The correlation coefficient is given by:
$r=\frac{n(\sum{xy})-(\sum{x})(\sum{y})}{\sqrt{n(\sum{x^2})-(\sum{x})^2}\sqrt{n(\sum{y^2})-(\sum{y})^2}}$
$=\frac{(5\times90)-(15\times15)}{\sqrt{(5\times91)-15^2}\sqrt{(5\times91)-15^2}}=0.978$
b) Deleting the last point we have $4$ data points.

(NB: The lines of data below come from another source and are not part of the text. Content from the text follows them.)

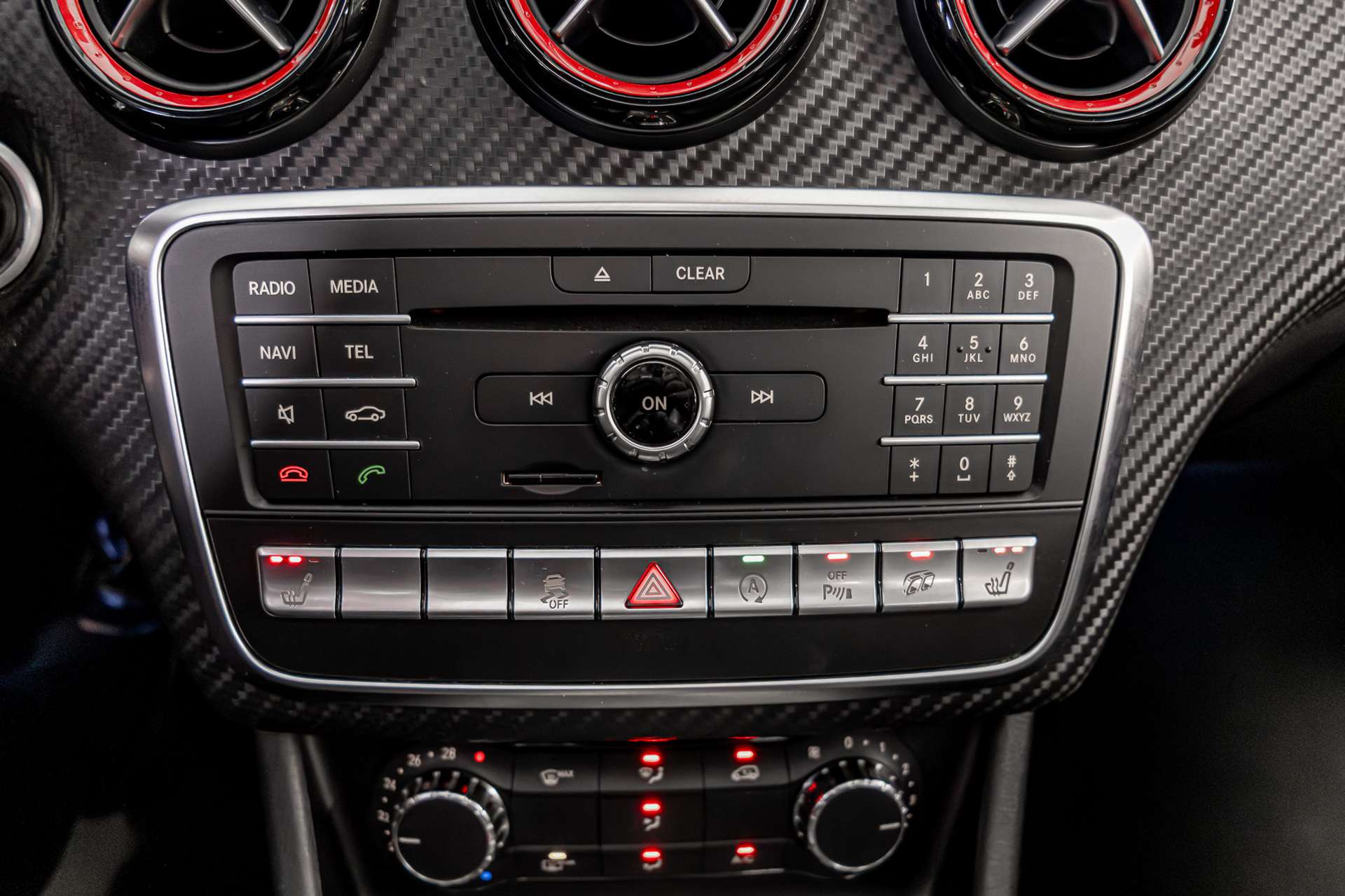 MERCEDES-BENZ A 45 AMG 4Matic Speedshift 7G-DCT-image-21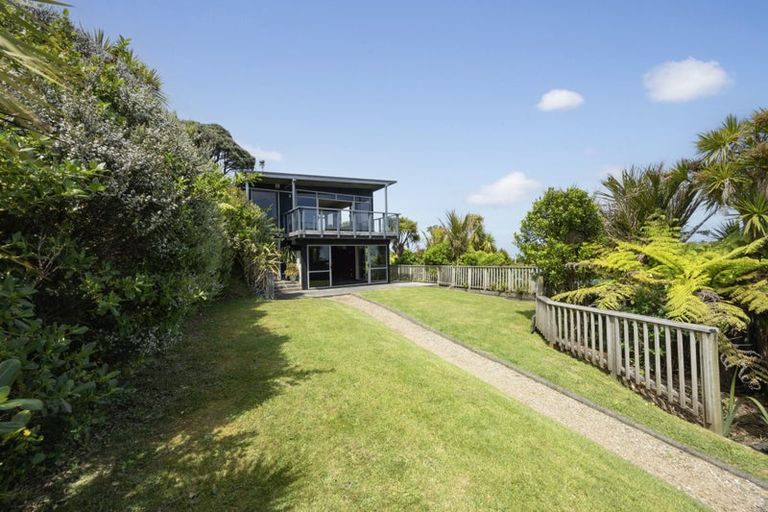 Photo of property in 16 Log Race Road, Piha, New Lynn, 0772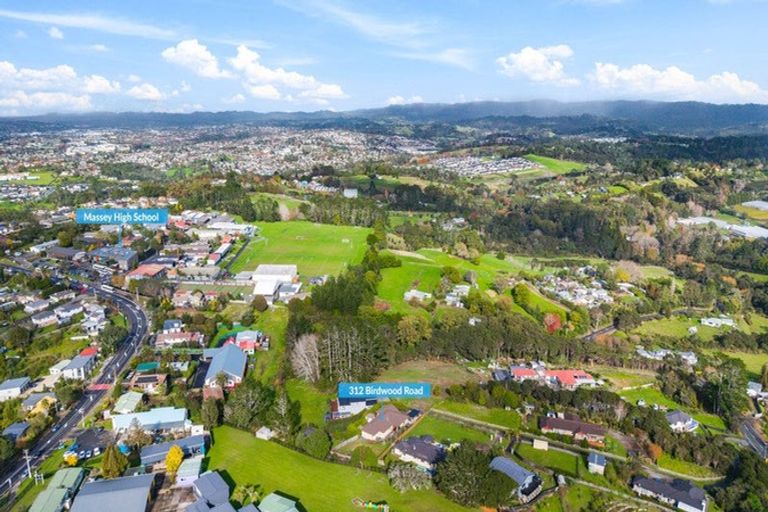 Photo of property in 312 Birdwood Road, Massey, Auckland, 0614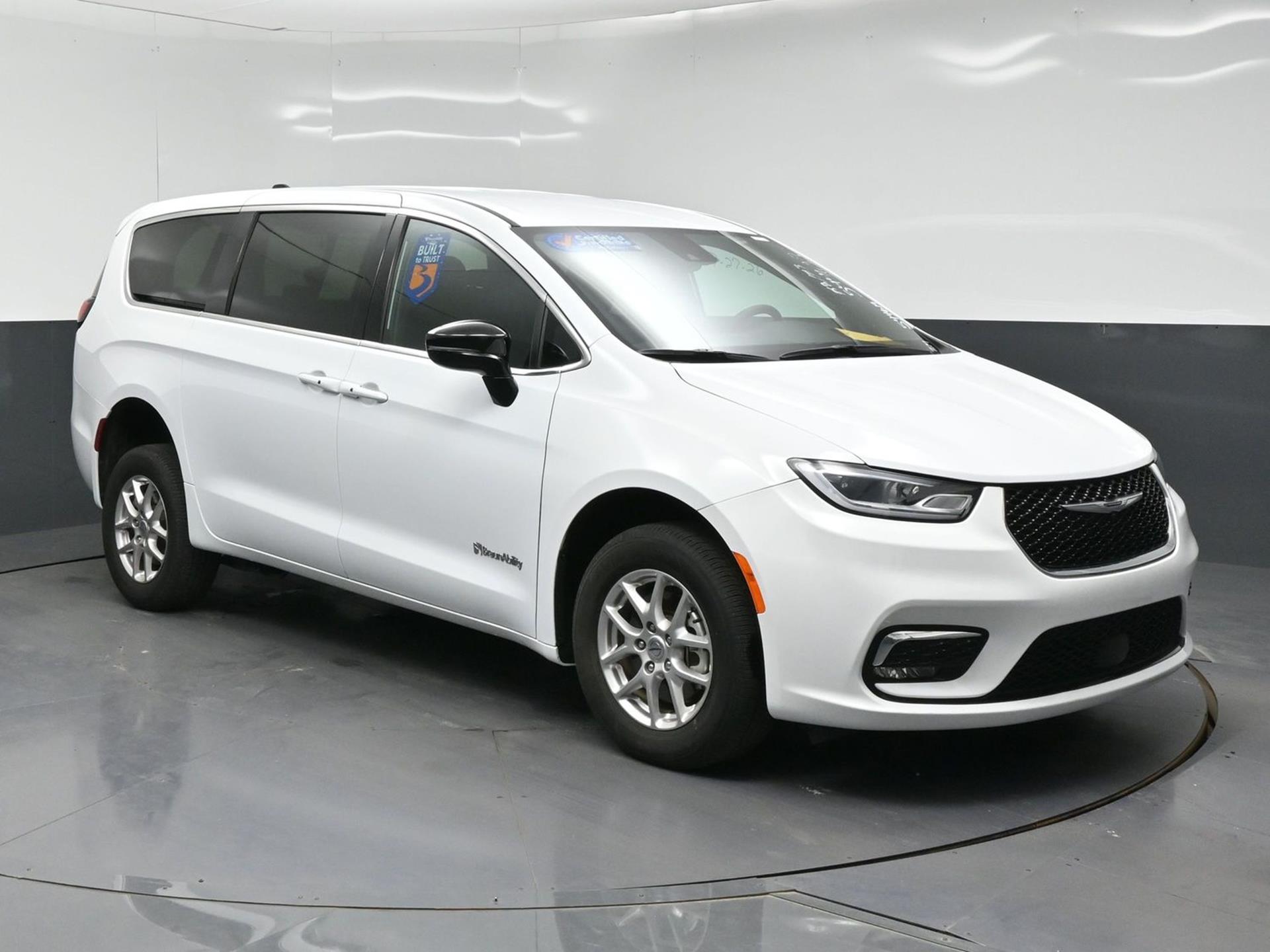 PRE OWNED 2025 Chrysler Pacifica Select
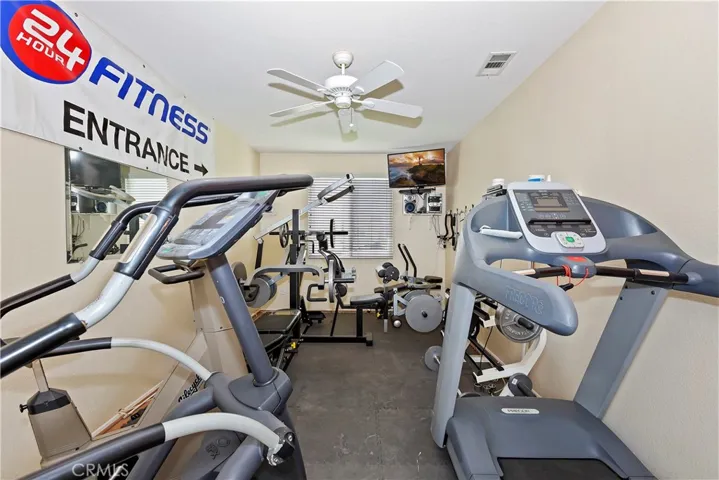 7464 Elm Grove Avenue, Eastvale, California 92880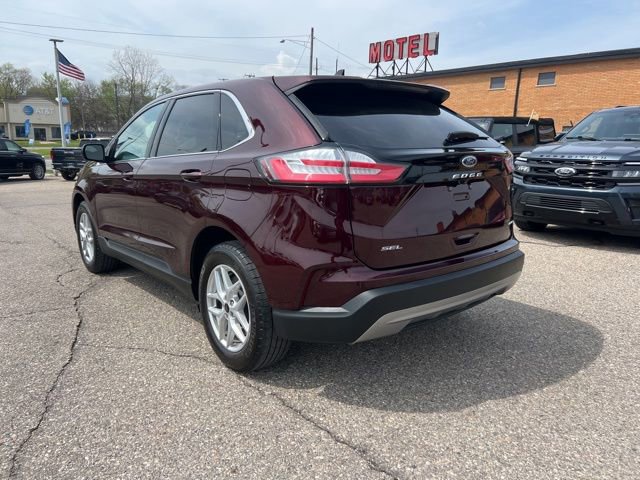 Certified 2024 Ford Edge SEL w/ Convenience Package AWD/4WD image 5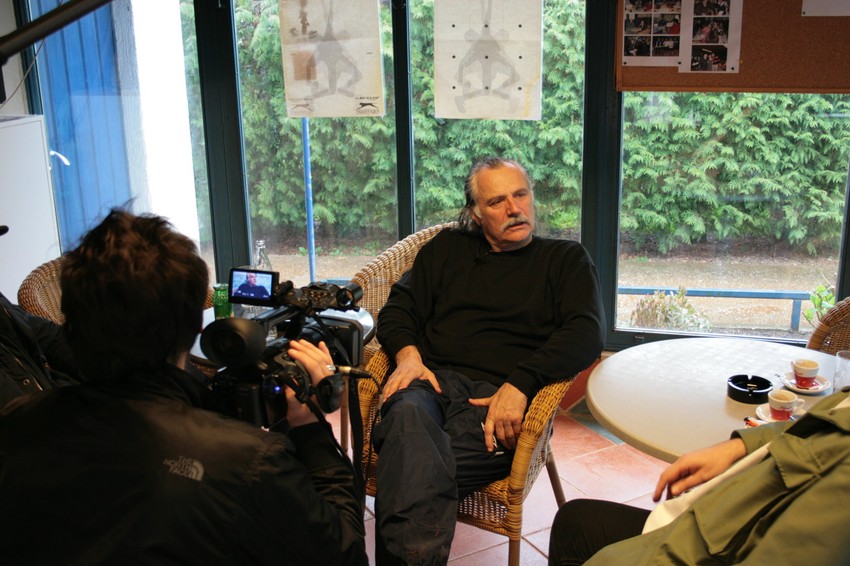 Šerbedžija je jedan od glavnih likova dokumentarca o „Plavom orkestru“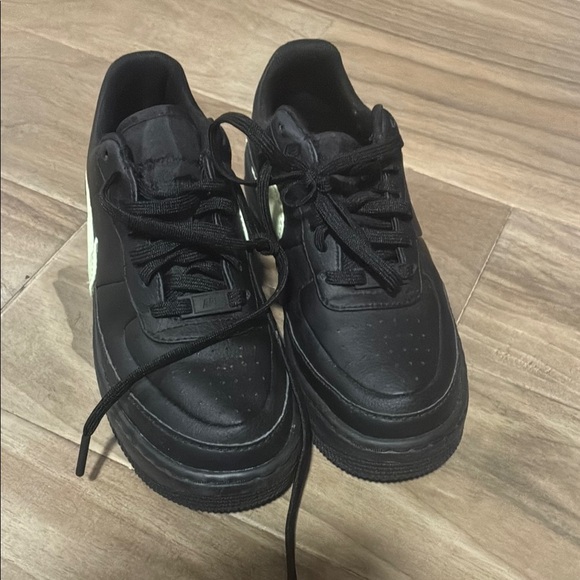 Nike Air Force 1 Jester Black Pale Yellow Green Swoosh Platform Sneakers Size 7 - Picture 2 of 9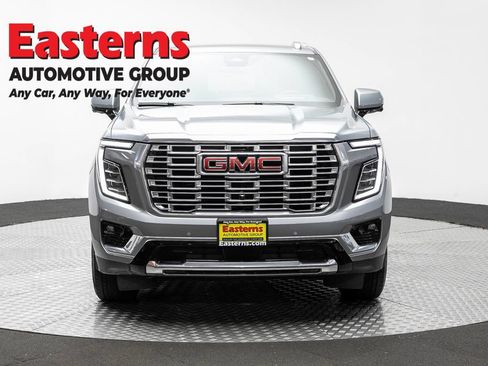 Used 2025 GMC Yukon Denali AWD/4WD image 2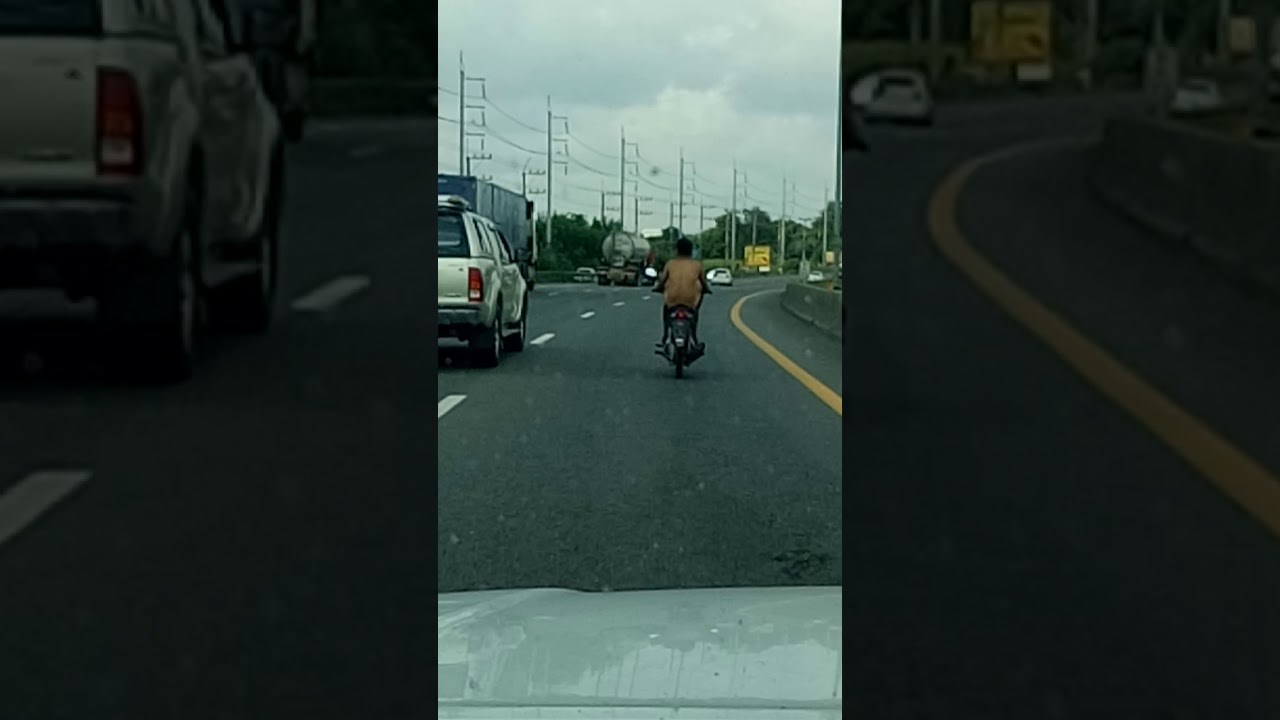 VIDEO Oprez, čudak na cesti: Ovaj motociklist je definitivno imao premalo odjeće na sebi!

$x \hspace{0.4cm}1 \hspace{0.2cm}1 \hspace{0.2cm}2 \hspace{0.2cm} 2 $
$y \hspace{0.4cm}1\hspace{0.2cm}2\hspace{0.2cm}1\hspace{0.2cm}2$
$n=4$
$\sum{x}=6$
$\sum{y}=6$
$\sum{x^2}=10$
$\sum{y^2}=10$
$\sum{xy}=9$
$m=\frac{(4\times9)-(6\times6)}{(4\times10)-6^2}=0$
$b=\frac{6-(0\times6)}{4}=1.5$
The least squares line is now given by the equation: $Y=1.5$.
The correlation coefficient $r=\frac{(4\times6)-(6\times6)}{\sqrt{(4\times10)-6^2}\sqrt{(4\times10)-6^2}}=0$
c) The graph of the data points along with the least squares line is given below:
When the data point $(9,9)$ marked as E is removed, the strong linear correlation $(r=0.978)$ that the data points had vanishes and the correlation becomes $0$. This indicates that the data is no longer linearly correlated.